書評
『NOVEL 11, BOOK 18 - ノヴェル・イレブン、ブック・エイティーン』(中央公論新社)
世界文学の沃野示す特異な文体
現代ノルウェイでもっとも評価の高い作家の一人、ダーグ・ソールスターの小説が、村上春樹の訳によって初めて日本語で読めるようになった。今回訳された『Novel11,Book18(ノヴェル・イレブン、ブック・エイティーン)』という奇妙なタイトルの小説の英訳を、村上氏はたまたまオスロで買って読みふけり、ついには重訳のリスクを承知のうえで(原書はノルウェイ語)、自分で英語から訳すことにしたのだという。原著の出版は一九九二年で、作品の設定も、その頃のノルウェイのようだ。主人公のビョーン・ハンセンは首都オスロで政府の省庁に勤めるエリート公務員だったが、三二歳のとき、妻子ある身であったにもかかわらず、ツーリーという女性に不倫の恋をし、そのあげく妻子を捨て、ツーリーの住むコングスベルグという地方都市に移り住む。小説の前半は、アマチュア演劇活動をする彼女とともにこの町で暮らすビョーンの様子が描かれる。しかし、彼は一四年後にはツーリーとも別れ、一人暮らしを始める。それからさらに四年経(た)ち、先妻との間の息子がこの町の大学に入学することになり、五〇歳になったビョーンのフラットに転がり込んでくる。
ここまでだったら、そんなに珍しい話ではない。北欧の小さな地方都市を舞台とし、前半はアマチュア劇団周辺の人間模様を描き、後半では断絶していた父と息子の関係修復を扱った、基本的にはリアルな現代小説といったところだろう。しかし、文体がかなり特異だ。長短織り交ぜた乾いた地の文が淡々と続き、ウエットな心理描写には踏み込まず、言わば人間存在の条件を探索するための実験手順のような文章が続く。しかし、主人公が自分の人生に対して「大いなる否定」を突きつけるために、薬物中毒の医師との共謀によって、ある突拍子もない行為を実行に移し、物語は俄然(がぜん)、予想もつかなかった方向に突き進んでいくのだ。
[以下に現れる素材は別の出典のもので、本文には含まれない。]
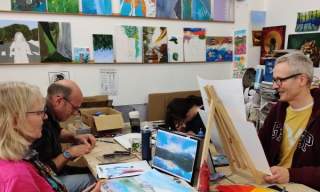 art-K Sip&Paint Art Workshops for Adults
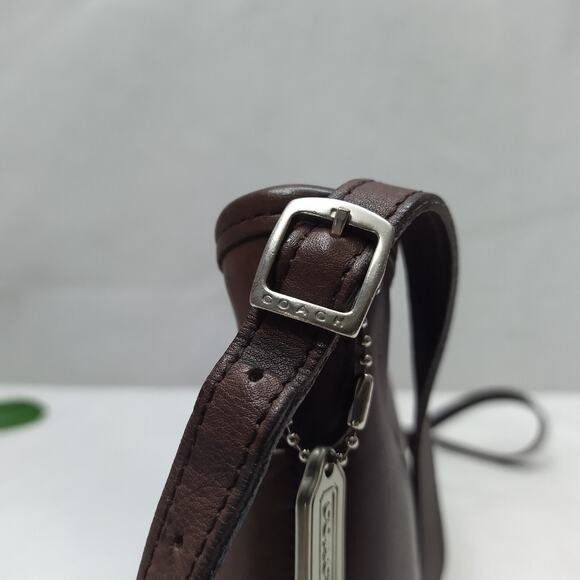 Coach Brown Leather Zipper Closure Crossbody Bag - Vintage Made in USA - Picture 6 of 14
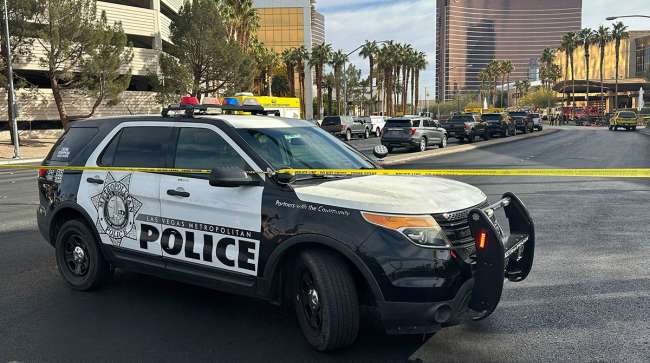 Police car at Cybertruck fire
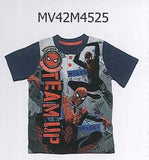 PIGIAMA CORTO BAMBINO PURO COTONE SERAFINO STAMPA SPIDERMAN MARCA SABOR ART.M4525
ノルウェイ語の原文は評者にも分からないが、英訳と邦訳を読み比べてみれば、英訳がクールなヨーロッパの現代音楽風であるのに対して、村上訳はそこにアメリカ的ポップスの感覚を少々付け加えているという印象を受ける。ソールスターが村上という訳者の比類のない技術のおかげで、日本の読者にも興味深く読める作家として発見されたことを喜びたい。それと同時に、英語だけではじつは分からない世界文学の沃野がどれほど広がっているのか、と改めて考えさせられた。